→ DATASET ENTRIES
---+---

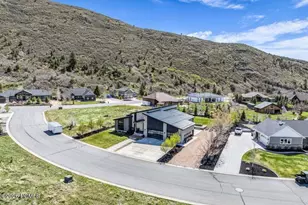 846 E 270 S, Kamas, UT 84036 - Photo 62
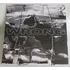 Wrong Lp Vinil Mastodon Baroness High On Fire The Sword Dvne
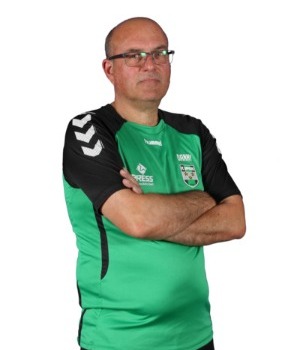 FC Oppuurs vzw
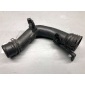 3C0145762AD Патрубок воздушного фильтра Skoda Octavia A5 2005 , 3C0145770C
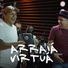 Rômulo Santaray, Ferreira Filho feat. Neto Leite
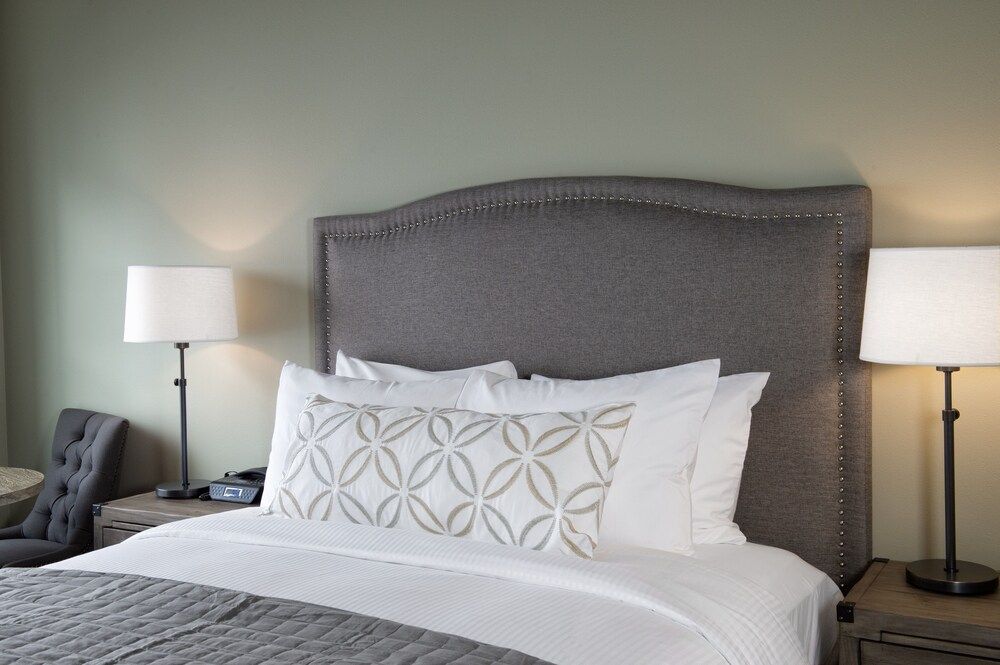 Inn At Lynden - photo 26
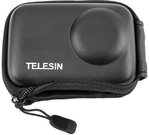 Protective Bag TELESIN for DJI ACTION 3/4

---+---

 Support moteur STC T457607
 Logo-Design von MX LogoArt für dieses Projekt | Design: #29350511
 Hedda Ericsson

---+---

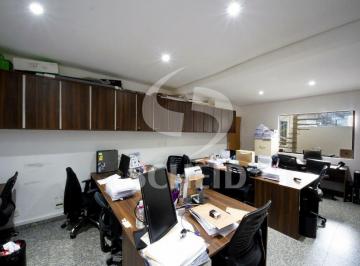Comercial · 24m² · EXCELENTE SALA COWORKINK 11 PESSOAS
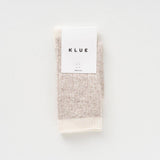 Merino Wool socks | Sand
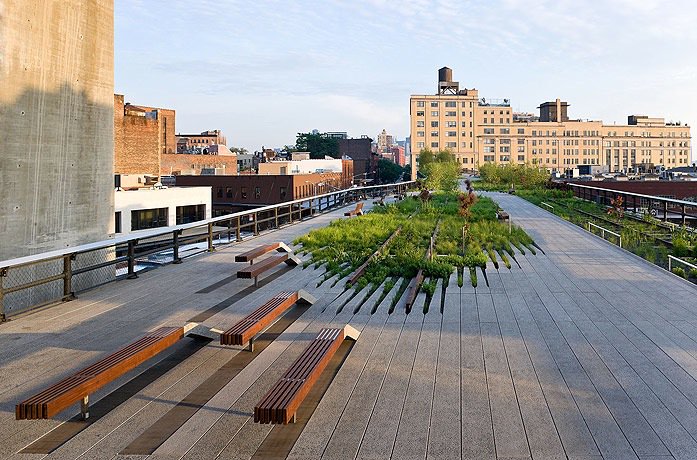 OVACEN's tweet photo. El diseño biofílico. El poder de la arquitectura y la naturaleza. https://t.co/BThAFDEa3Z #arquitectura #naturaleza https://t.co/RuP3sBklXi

---+---

→ INSTRUCTIONS TO FOLLOW
Take the lines above starting at the one containing "846 E 270 S, Kamas, UT 84036 - Photo 62" and ending at the one containing "Protective Bag TELESIN for DJI ACTION 3/4", and print them again exactly, without pictures.

→ REPLY TO THE TASK
 846 E 270 S, Kamas, UT 84036 - Photo 62
 Wrong Lp Vinil Mastodon Baroness High On Fire The Sword Dvne
 FC Oppuurs vzw
 3C0145762AD Патрубок воздушного фильтра Skoda Octavia A5 2005 , 3C0145770C
 Rômulo Santaray, Ferreira Filho feat. Neto Leite
 Inn At Lynden - photo 26
 Protective Bag TELESIN for DJI ACTION 3/4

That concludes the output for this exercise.